I was always sure that if I pass a Perl subroutine a simple scalar, it can never change its value outside the subroutine. That is:

my $x = 100;
foo($x);
# without knowing anything about foo(), I'm sure $x still == 100

So if I want foo() to change x, I must pass it a reference to x.

Then I found out this is not the case:

sub foo {
 $_[0] = 'CHANGED!';
}
my $x = 100;
foo($x);
print $x, "\n"; # prints 'CHANGED!'

And the same goes for array elements:

my @arr = (1,2,3);
print $arr[0], "\n"; # prints '1'
foo($arr[0]);
print $arr[0], "\n"; # prints 'CHANGED!'

That kinda surprised me. How does this work? Isn't the subroutine only gets the value of the argument? How does it know its address?

Was it helpful?

Solution

In Perl, the subroutine arguments stored in @_ are always aliases to the values at the call site. This aliasing only persists in @_, if you copy values out, that's what you get, values.

so in this sub:

sub example {
   # @_ is an alias to the arguments
   my ($x, $y, @rest) = @_;  # $x $y and @rest contain copies of the values
   my $args = \@_;  # $args contains a reference to @_ which maintains aliases
}

Note that this aliasing happens after list expansion, so if you passed an array to example, the array expands in list context, and @_ is set to aliases of each element of the array (but the array itself is not available to example). If you wanted the latter, you would pass a reference to the array.

Aliasing of subroutine arguments is a very useful feature, but must be used with care. To prevent unintended modification of external variables, in Perl 6 you must specify that you want writable aliased arguments with is rw.

One of the lesser known but useful tricks is to use this aliasing feature to create array refs of aliases

my ($x, $y) = (1, 2);

my $alias = sub {\@_}->($x, $y);

$$alias[1]++;  # $y is now 3

or aliased slices:

my $slice = sub {\@_}->(@somearray[3 .. 10]);  

it also turns out that using sub {\@_}->(LIST) to create an array from a list is actually faster than
[ LIST ] since Perl does not need to copy every value. Of course the downside (or upside depending on your perspective) is that the values remain aliased, so you can't change them without changing the originals.

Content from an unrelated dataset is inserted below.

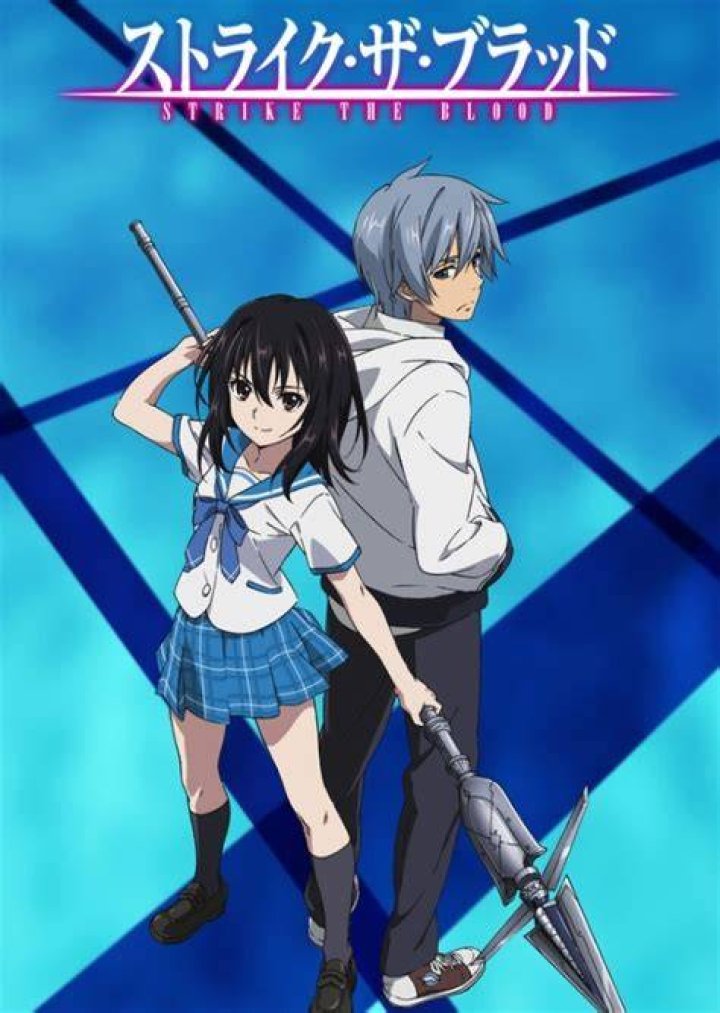 Strike the Blood (Funimation)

As tchrist mentions in a comment to another answer, when you use any of Perl's aliasing constructs on @_, the $_ that they provide you is also an alias to the original subroutine arguments. Such as:

sub trim {s!^\s+!!, s!\s+$!! for @_}  # in place trimming of white space

Lastly all of this behavior is nestable, so when using @_ (or a slice of it) in the argument list of another subroutine, it also gets aliases to the first subroutine's arguments:

sub add_1 {$_[0] += 1}

sub add_2 {
    add_1(@_) for 1 .. 2;
}

OTHER TIPS

This is all documented in detail in perldoc perlsub. For example:

Any arguments passed in show up in the array @_. Therefore, if you called a function with two arguments, those would be stored in $_[0] and $_[1]. The array @_ is a local array, but its elements are aliases for the actual scalar parameters. In particular, if an element $_[0] is updated, the corresponding argument is updated (or an error occurs if it is not updatable). If an argument is an array or hash element which did not exist when the function was called, that element is created only when (and if) it is modified or a reference to it is taken. (Some earlier versions of Perl created the element whether or not the element was assigned to.) Assigning to the whole array @_ removes that aliasing, and does not update any arguments.